On February 26, 2025, between 14:51 UTC and 17:19 UTC, GitHub Packages experienced a service degradation, leading to billing-related failures when uploading and downloading Packages. During this period, the billing usage and budget pages were also inaccessible. Initially, we reported that GitHub Actions was affected, but we later determined that the impact was limited to jobs interacting with Packages services, while jobs that did not upload or download Packages remained unaffected.The incident occurred due to an error in newly introduced code, which caused containers to get into a bad state, ultimately leading to billing API calls failing with 503 errors. We mitigated the issue by rolling back the contributing change. In response to this incident, we are enhancing error handling, improving the resiliency of our billing API calls to minimize customer impact, and improving change rollout practices to catch these potential issues prior to deployment.

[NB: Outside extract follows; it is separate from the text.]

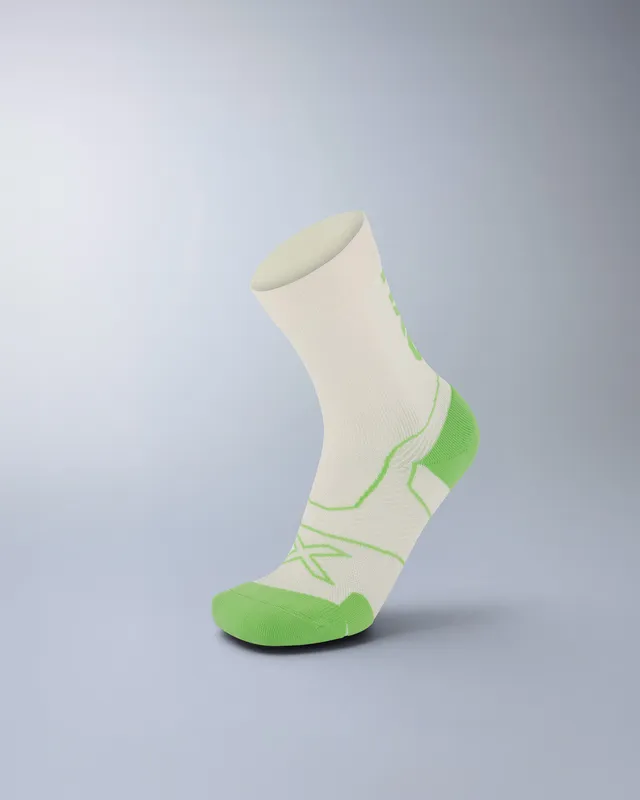 2xu-vectr-cushion-crew-socks-calze-running-beige-verde image 1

On February 25th, 2025, between 14:25 UTC and 16:44 UTC email and web notifications experienced delivery delays. At the peak of the incident the delay resulted in ~10% of all notifications taking over 10 minutes to be delivered, with the remaining ~90% being delivered within 5-10 minutes. This was due to insufficient capacity in worker pools as a result of increased load during peak hours.We also encountered delivery delays for a small number of webhooks, with delays of up-to 2.5 minutes to be delivered.We mitigated the incident by scaling out the service to meet the demand.The increase in capacity gives us extra headroom, and we are working to improve our capacity planning to prevent issues like this occurring in the future.
On February 25, 2025 between 13:40 UTC and 15:45 UTC the Claude 3.7 Sonnet model for GitHub Copilot Chat experienced degraded performance. During the impact, occasional requests to Claude would result in an immediate error to the user. This was due to upstream errors with one of our infrastructure providers, which have since been mitigated.We are working with our infrastructure providers to reduce time to detection and implement additional failover options, to mitigate issues like this one in the future.